Hydrogen bonding underlies the structure of water and all biochemical processes in aqueous medium. Analysis of modern ab initio wave functions in terms of natural bond orbitals (NBOs) strongly suggests the resonance-type "charge transfer'' (CT) character of H-bonding, contrary to the widely held classical-electrostatic viewpoint that underlies current molecular dynamics (MD) modeling technology. Quantum cluster equilibrium (QCE) theory provides an alternative ab initio-based picture of liquid water that predicts proton-ordered two-coordinate H-bonding patterns, dramatically different from the ice-like picture of electrostatics-based MD simulations. Recent X-ray absorption and Raman scattering experiments of Nilsson and co-workers confirm the microstructural two-coordinate picture of liquid water. We show how such cooperative "unsaturated'' ring/chain topologies arise naturally from the fundamental resonance-CT nature of B:...HA hydrogen bonding, which is expressed in NBO language as n(B) -> sigma(AH)* intermolecular delocalization from a filled lone pair nB of the Lewis base (B:) into the proximal antibond sigma(AH)* of the Lewis acid (HA).
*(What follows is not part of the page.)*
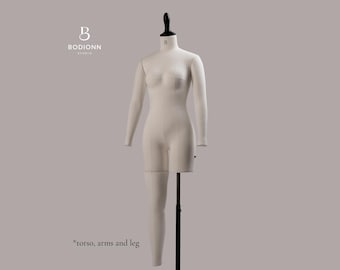 Maniquí de costura profesional de espuma de poliuretano con brazos y piernas.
Stabilizing n(O) -> sigma(OH)* orbital delocalization, equivalent to partial mixing of resonance structures H2O:...HOH H3O+ ...(-):OH, is thereby seen to be the electronic origin of general enthalpic and entropic propensities that favor relatively small cyclic clusters such as water pentamers W-5c in the QCE liquid phase. We also discuss the thermodynamically competitive three-coordinate clusters (e.g., icosahedral water buckyballs, W-24), which appear to play a role in hydrophobic solvation phenomena. We conclude with suggestions for incorporating resonance-CT aspects of H-bonding into empirical MD simulation potentials in a computationally tractable manner.